Islamabad : The Pakistan Tehreek-e-Insaf (PTI) government on Friday asked renowned economist Atif R. Mian, who belongs to the persecuted and minority Muslim sect Ahmadi, to step down from the Economic Advisory Council (EAC) following mounting pressure from religio-political parties against his appointment.
Atif Mian, a Princeton University economist, had been appointed to the EAC last week and has agreed to resign, Information Minister Fawad Chaudhry tweeted on Friday. A replacement will be announced later, he said.
“The government wants to move forward alongside scholars and all social groups, and it is inappropriate if a single nomination creates an impression to the contrary,” the minister tweeted.
The appointment of Atif Mian of Princeton University to the 18-member EAC set up to advise the government on economic policy was opposed by some individuals and groups, including Tehreek-e-Labbaik Pakistan, who objected to his Ahmadi faith, Dawn online reported.
The news of his removal from the body came as a surprise since the Imran Khan government three days ago defended the academic’s nomination, saying in categorical terms that it will “not bow to extremists”.
“Pakistan belongs as much to minorities as it does to the majority,” Chaudhary had said earlier this week, amidst a vicious online campaign targeting Atif Mian for his faith.
A social media smear campaign had erupted against the economist’s appointment, with many calling for his removal.
On the other hand, there were a large number of supporters who defended Atif Mian’s appointment on the social media, saying that one’s religion should not factor into their professional qualifications or employment.

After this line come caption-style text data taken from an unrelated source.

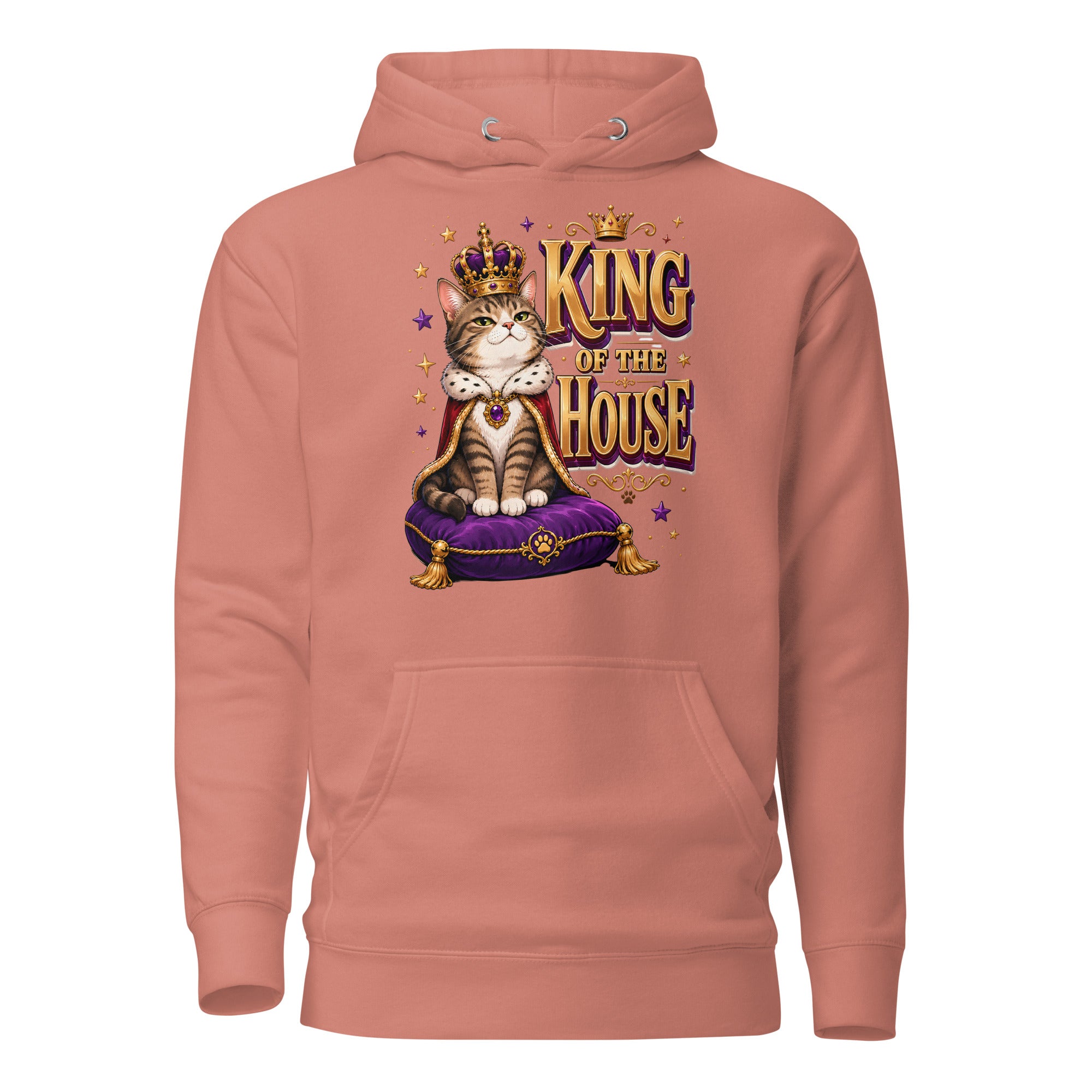 Elite King Of The House - Premium Luxury Hoodie for Cat Lovers by printfluence.net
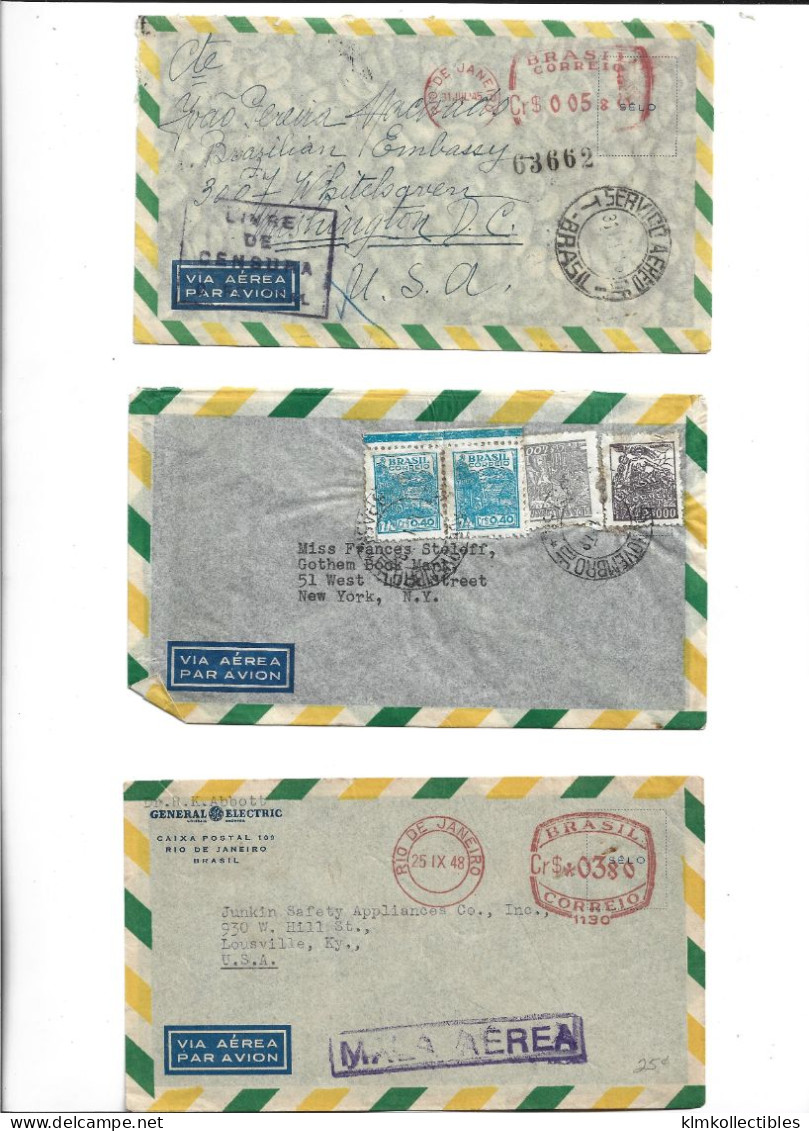 BRAZIL BRASIL - POSTAL HISTORY LOT - AIRMAIL CENSORED - Other & Unclassified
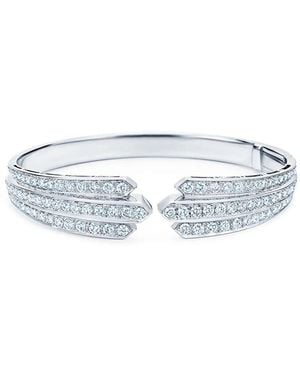 Kwiat 18Kt Diamond Cascade Open Bangle - White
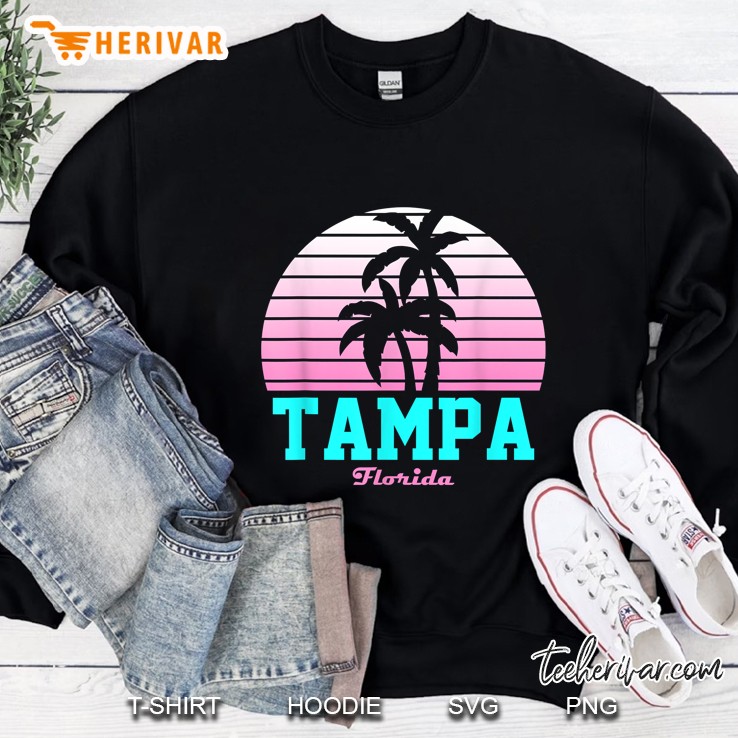 Tampa Florida Palm Trees Sweatshirt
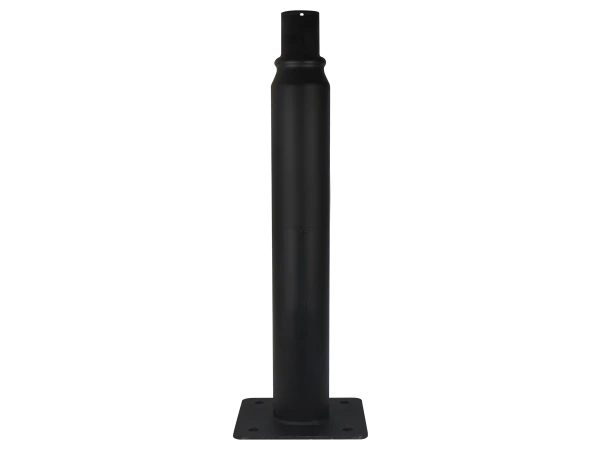 Składany maszt pod latarnię latarnia słup oświetleniowy składany 4m czarny PRIME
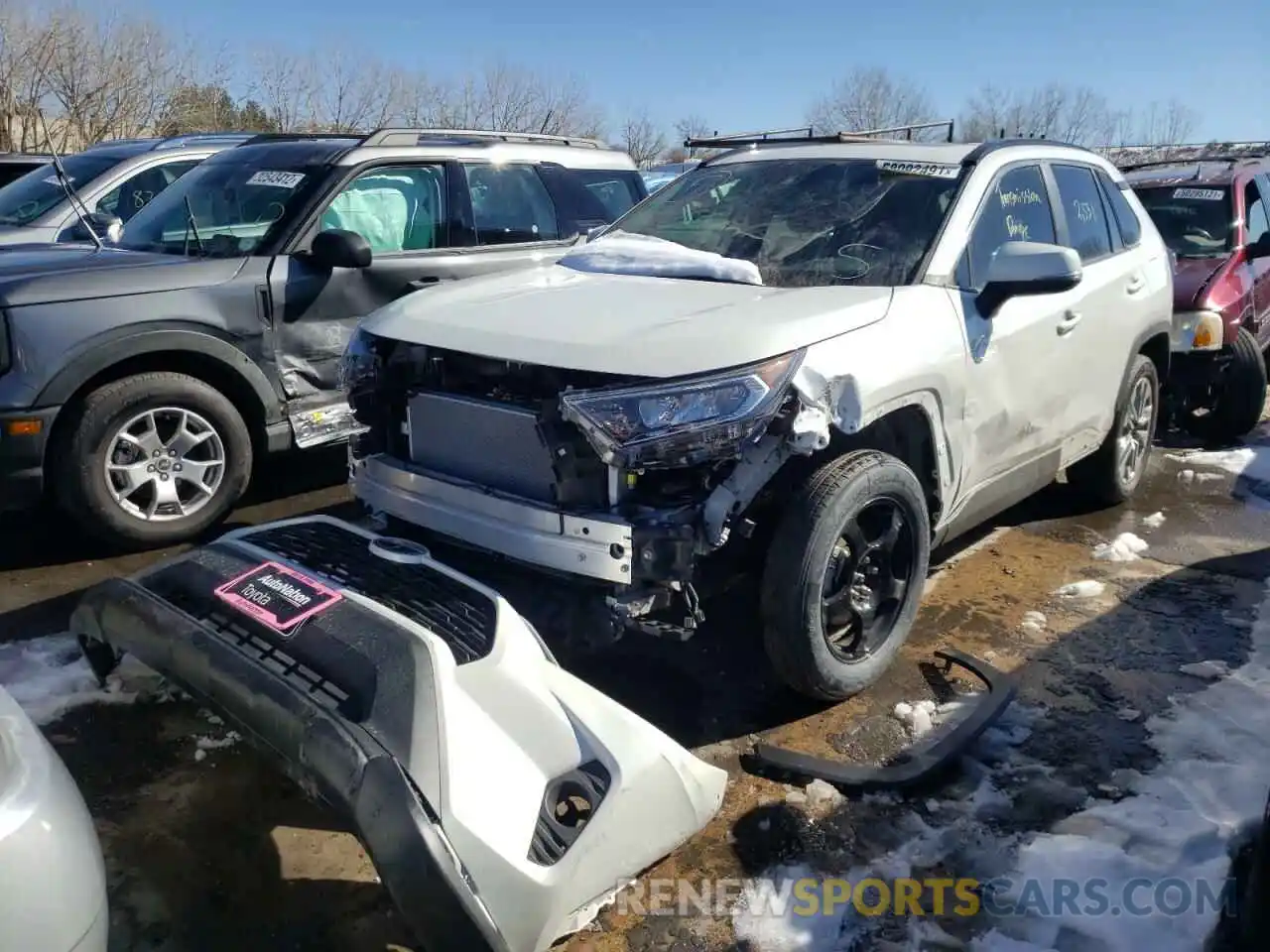 2 Photograph of a damaged car 2T3A1RFV4MW208893 TOYOTA RAV4 2021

Atif Mian served as a professor of economics, public policy and finance at Princeton University and as director of The Julis-Rabinowitz Centre for Public Policy and Finance at Woodrow Wilson School. He is the only Pakistani to be considered among the International Monetary Fund’s “top 25 brightest young economists”.
Ahmadis were declared non-Muslims in Pakistan through a constitutional amendment passed on September 7, 1974 during the tenure of Zulfikar Ali Bhutto.
This measure was later followed with General Ziaul Haq making it a punishable offence for Ahmadis to call themselves Muslim or to refer to their faith as Islam.